▶ **THE PROBLEM**: Please output every record below exactly as written, leaving out any pictures.

(Stored dataset items)

"""

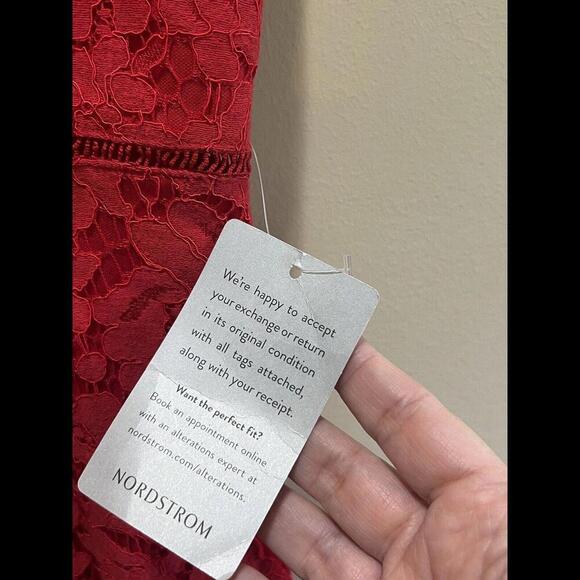 ASTR The Label Lattice Inset Lace spaghetti strap boho party event dress NWT - Picture 3 of 4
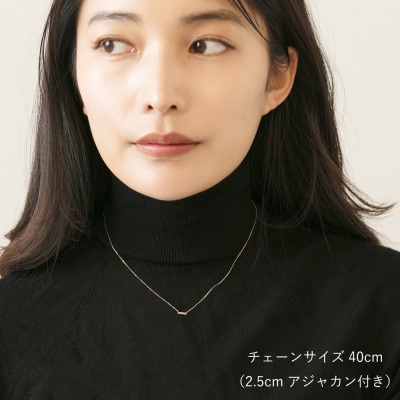 【10金 ダイヤモンドネックレス】華奢で可愛い 毎日を輝かせる 人気ストレートデザイン レディース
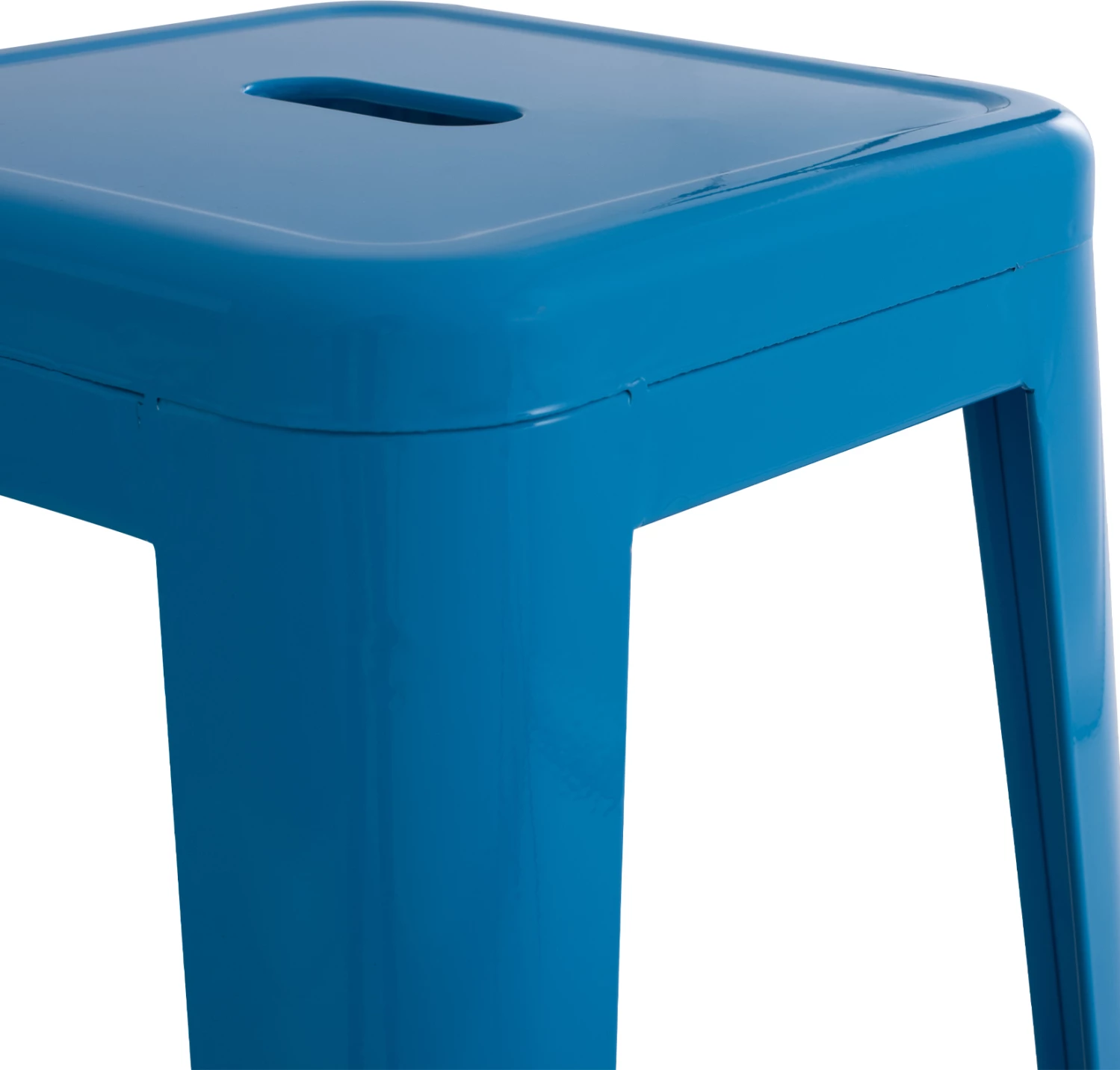 Barski stol MELITA FH8642.48 kovinski v modri barvi 43x43x78Hcm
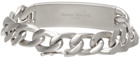 Maison Margiela Silver Semi-Polished Chain ID Bracelet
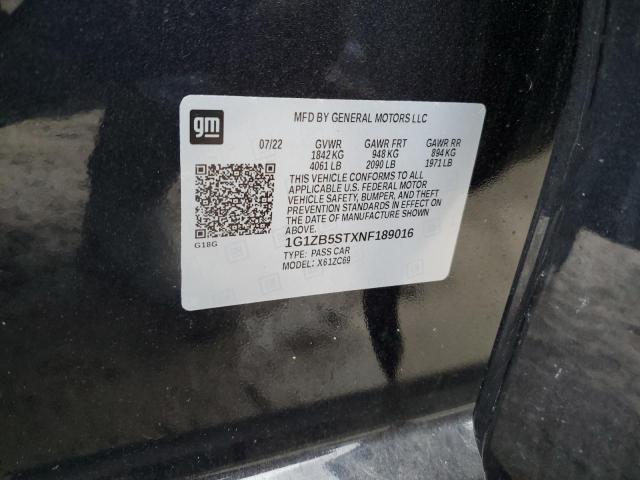 2022 CHEVROLET MALIBU LS - 1G1ZB5STXNF189016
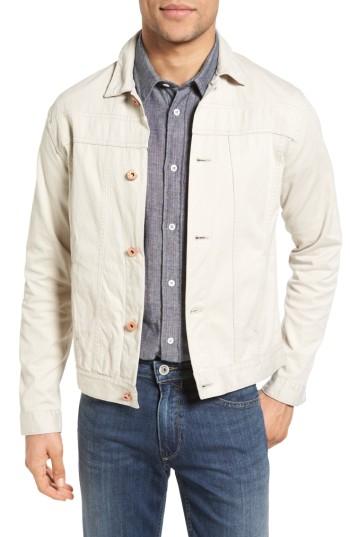 Men's Billy Reid Cullen Selvedge Denim Jacket - Beige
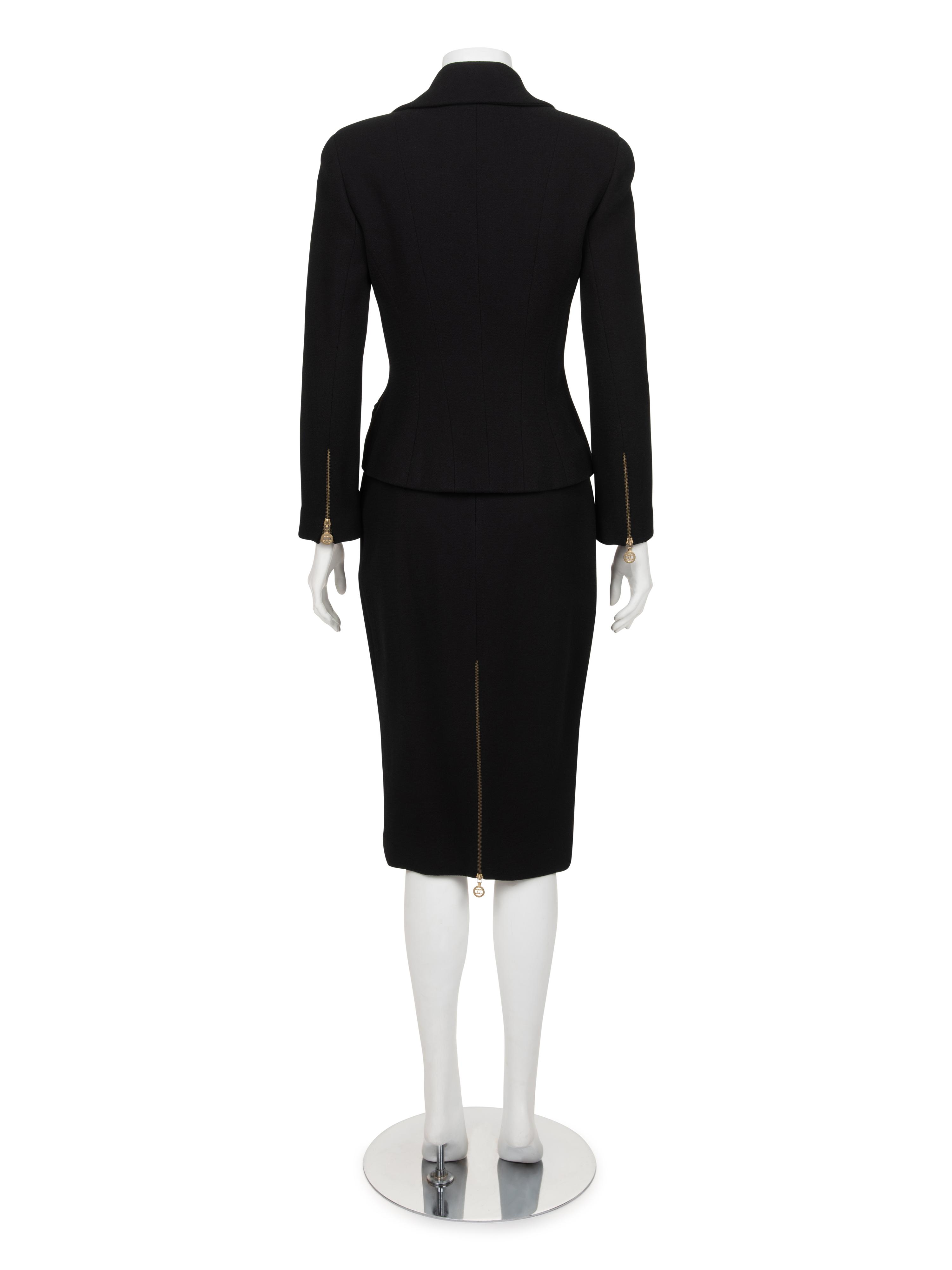 Chanel Zippered Skirt Ensemble, c.1992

"""

▶ **OUTPUT OF THE TASK**:
 ASTR The Label Lattice Inset Lace spaghetti strap boho party event dress NWT - Picture 3 of 4
 【10金 ダイヤモンドネックレス】華奢で可愛い 毎日を輝かせる 人気ストレートデザイン レディース
 Barski stol MELITA FH8642.48 kovinski v modri barvi 43x43x78Hcm
 Maison Margiela Silver Semi-Polished Chain ID Bracelet
 2022 CHEVROLET MALIBU LS - 1G1ZB5STXNF189016
 Men's Billy Reid Cullen Selvedge Denim Jacket - Beige
 Chanel Zippered Skirt Ensemble, c.1992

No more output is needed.